Lisztomania: Globalization


As an aggressively Eurocentric American, I am aware that I have neglected a great part of the world in my musical analyses over these past several weeks. Of course, I do try to focus on classical music, which has historically been produced by the Western world, but there has recently been an increasing output of classical music coming from countries that have traditionally only produced folk or spiritual music. The idea of globalization in reference to classical music involves a sort of diaspora of musical technique and practice away from the epicenter that is Europe. Classical music in its most traditional sense is Western, as are the ideas from which it stems. Due to globalization, however, Western musical practice has made its way to other countries who have adopted it and have begun to implement it into their previously established musical styles.

Music in Eastern Asia has been produced for centuries and has a very distinct sound. In Western practice, a scale — a sequence of notes that begins on one note and goes up incrementally until reaching the beginning note, just one octave higher — consists of seven notes with a set pattern of half and whole steps, which can be visualized by the spacing between white and black keys on a piano.
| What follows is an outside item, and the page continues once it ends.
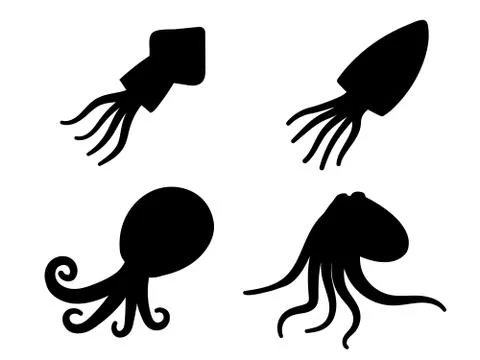 Squid, octopus and cuttlefish in icons and symbol Stock Illustration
In Eastern scale systems, pentatonic scales are often used, which consist of the first, second, third, fifth, sixth and eighth notes of a typical Western scale. Pentatonic scales are generally very pleasing to the ear and are common in folk music, especially in the East.
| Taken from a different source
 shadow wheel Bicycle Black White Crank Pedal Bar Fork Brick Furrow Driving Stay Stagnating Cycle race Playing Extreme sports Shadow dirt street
In the early 20th century, when China ceased to be an imperial state and became a republic, the “New Culture Movement” was put into effect and involved the Westernization of Chinese culture and lifestyle. Music changed to reflect Western practice for a period of several years during this movement, but with the rise of new political movements, the demise of New Culture became inevitable. After Mao Zedong assumed leadership in 1949, Western classical music was banned in China as a means to preserve traditional and nationalist ideals. Some composers, such as Xian Xinghai, who had grown up during the New Culture Movement and had become accustomed to Western music, continued to write music in traditional Western practice but with nationalist undertones. Xinghai is known for having composed the “Yellow River Cantata” in 1939, which was performed throughout the country as a patriotic work. Once the Cultural Revolution began in 1966, Yin Chengzong and Chu Wanghua arranged the cantata into the “Yellow River Piano Concerto,” which has proved to be one of the most celebrated works of the East written in Western practice. The use of traditional Chinese melodies, the pentatonic scale, certain traditional instruments and inspiration from the Chinese natural landscape make this work a beloved piece of music for music lovers worldwide.

Suggested Listening:

Xian Xinghai (adapted by Yin Chengzong and Chu Wanghua): Yellow River Piano Concerto (1969)

CORRECTION: A previous version of this article erroneously stated that Mao Zedong came to power in 1943. In fact, Mao came to power in 1949. The article has been updated to reflect this change. The Daily regrets this error.